Mini Patel has left his role as head chef of the Pointer in Brill, Buckinghamshire.
The Pointer restaurant and pub, which is owned by David and Fiona Howden, won the Menu of the Year Catey last year. Senior sous chef Sebastian Bielecki is now heading up the kitchen.
Patel told The Caterer: “After two-and-a-half years, I now feel it is time to move on and try something different. I want to thank everyone who has made my time here so memorable. David and Fiona have always been very supportive, and I feel the Pointer remains in good hands. I wish the whole team the very best for the future and I am confident they’ll continue in building the Pointer name.”
The Pointer has been operated by the Howdens since May 2011 when they bought it from Greene King. It was previously known as the Red Lion Brill and the Howdens had lived and farmed in the local area for more than a decade prior to purchasing the pub. Their goal was to create a “real, village pub”.
The three-AA-rosetted restaurant won County Dining Pub 2017 in The Good Pub Guide and was named in The Sunday Times Top 100 Restaurants for 2017 in February.
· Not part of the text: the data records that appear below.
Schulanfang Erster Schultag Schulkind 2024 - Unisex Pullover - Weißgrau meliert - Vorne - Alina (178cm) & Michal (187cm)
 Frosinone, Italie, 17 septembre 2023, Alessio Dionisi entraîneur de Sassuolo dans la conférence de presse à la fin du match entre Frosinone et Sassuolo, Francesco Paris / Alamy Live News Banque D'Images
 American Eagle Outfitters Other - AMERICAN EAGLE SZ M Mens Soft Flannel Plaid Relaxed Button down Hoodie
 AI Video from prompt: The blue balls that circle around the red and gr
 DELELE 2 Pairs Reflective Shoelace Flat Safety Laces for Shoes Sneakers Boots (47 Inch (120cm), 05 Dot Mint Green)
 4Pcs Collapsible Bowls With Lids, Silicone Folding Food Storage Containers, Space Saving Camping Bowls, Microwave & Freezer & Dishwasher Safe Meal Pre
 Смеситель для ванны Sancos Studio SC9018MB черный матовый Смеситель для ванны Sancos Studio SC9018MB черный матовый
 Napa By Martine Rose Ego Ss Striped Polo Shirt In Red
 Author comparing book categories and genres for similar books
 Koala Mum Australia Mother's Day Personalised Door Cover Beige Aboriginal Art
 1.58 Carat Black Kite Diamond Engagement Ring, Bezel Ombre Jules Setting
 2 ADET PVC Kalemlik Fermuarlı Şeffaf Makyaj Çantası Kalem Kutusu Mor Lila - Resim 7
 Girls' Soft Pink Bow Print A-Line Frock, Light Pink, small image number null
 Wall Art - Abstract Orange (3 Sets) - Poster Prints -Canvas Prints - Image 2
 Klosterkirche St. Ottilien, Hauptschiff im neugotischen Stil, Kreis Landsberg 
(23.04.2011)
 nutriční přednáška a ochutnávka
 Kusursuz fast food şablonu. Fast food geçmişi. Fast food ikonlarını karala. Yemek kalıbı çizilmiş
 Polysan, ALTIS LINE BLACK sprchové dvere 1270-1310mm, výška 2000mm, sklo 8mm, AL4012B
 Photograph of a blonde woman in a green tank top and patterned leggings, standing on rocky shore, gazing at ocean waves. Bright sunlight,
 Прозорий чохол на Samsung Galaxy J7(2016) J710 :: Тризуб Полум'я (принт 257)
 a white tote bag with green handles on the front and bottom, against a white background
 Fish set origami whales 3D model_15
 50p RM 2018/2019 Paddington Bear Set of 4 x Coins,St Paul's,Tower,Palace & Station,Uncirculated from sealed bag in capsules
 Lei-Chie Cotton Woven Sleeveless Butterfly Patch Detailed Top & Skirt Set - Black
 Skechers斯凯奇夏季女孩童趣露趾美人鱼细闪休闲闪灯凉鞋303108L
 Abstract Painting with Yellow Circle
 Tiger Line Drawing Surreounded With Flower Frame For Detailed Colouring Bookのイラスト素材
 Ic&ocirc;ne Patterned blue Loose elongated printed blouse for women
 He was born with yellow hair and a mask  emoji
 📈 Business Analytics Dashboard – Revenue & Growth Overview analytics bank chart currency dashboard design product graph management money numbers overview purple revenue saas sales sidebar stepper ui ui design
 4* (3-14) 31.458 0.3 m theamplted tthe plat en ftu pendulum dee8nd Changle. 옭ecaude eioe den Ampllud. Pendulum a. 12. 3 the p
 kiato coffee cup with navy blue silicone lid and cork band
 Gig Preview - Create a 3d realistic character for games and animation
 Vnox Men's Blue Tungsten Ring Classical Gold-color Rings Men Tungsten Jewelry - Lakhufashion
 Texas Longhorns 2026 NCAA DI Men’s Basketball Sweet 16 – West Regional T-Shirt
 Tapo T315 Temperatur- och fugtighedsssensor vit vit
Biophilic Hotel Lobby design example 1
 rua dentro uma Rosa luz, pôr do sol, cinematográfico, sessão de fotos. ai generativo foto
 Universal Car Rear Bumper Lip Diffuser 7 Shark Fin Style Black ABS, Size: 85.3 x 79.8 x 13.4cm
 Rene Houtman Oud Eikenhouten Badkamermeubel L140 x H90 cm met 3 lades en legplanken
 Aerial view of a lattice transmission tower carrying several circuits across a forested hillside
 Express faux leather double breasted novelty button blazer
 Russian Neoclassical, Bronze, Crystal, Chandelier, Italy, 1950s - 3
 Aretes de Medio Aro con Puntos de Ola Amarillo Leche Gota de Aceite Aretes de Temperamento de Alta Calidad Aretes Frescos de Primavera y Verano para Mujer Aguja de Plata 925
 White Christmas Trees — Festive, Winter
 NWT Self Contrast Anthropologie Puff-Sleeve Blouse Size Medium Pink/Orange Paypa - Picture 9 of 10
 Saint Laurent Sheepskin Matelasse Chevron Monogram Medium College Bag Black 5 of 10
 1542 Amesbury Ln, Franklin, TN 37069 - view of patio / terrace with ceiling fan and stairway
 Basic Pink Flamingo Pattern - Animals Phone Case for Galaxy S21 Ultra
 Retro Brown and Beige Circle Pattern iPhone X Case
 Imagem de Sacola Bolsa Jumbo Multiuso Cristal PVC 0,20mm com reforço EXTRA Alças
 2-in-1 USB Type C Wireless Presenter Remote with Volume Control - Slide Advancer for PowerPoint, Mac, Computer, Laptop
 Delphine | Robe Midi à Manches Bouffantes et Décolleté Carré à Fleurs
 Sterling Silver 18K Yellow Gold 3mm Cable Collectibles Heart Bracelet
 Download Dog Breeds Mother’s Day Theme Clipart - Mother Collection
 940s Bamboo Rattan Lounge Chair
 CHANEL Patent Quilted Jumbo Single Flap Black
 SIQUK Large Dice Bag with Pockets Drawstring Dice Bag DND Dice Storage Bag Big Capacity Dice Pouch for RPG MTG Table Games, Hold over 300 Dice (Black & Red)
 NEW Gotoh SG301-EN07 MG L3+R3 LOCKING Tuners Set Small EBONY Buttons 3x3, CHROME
Prior to joining the Pointer, Patel worked in a number of roles at the Cotswold House hotel, Claridge’s and the Connaught in London, and Rockpool restaurant in Sydney with Neil Perry. Patel took part in the North East heat of Great British Menu last year.
Giovanna Grossi, AA chief advisor on awards and quality assessment and a judge on the Menu of the Year Catey panel, commented at last year’s Cateys: “The Pointer menu stood out among particularly strong competition this year for a number of reasons, but primarily because it reflects the passions, not only of head chef Mini Patel, but also of the owners, farmers and gardeners. The team create a real field to fork operation with clear provenance. Dishes reflect the passion and desire to produce quality pub food utilising excellent ingredients.”
Richard Smith, general manager at the Pointer, praised Patel for his success in winning “a host of accolades and awards for the business” and wished him “all the best in his, no doubt, successful future”.
“Mini is moving on in a different direction with his cooking, with assured good success, and it was mutually agreed to part company,” he added. “The Pointer will continue to promote its farm to fork ethos, sourcing its produce from its own farm and livestock. Taking over the helm will be Sebastian, who shares our passion for responsible and sustainable produce cooked simply.”
Bielecki has worked as Patel’s sous chef for the past two years, having previously worked at the Randolph hotel in Oxford and the Vineyard, near Newbury.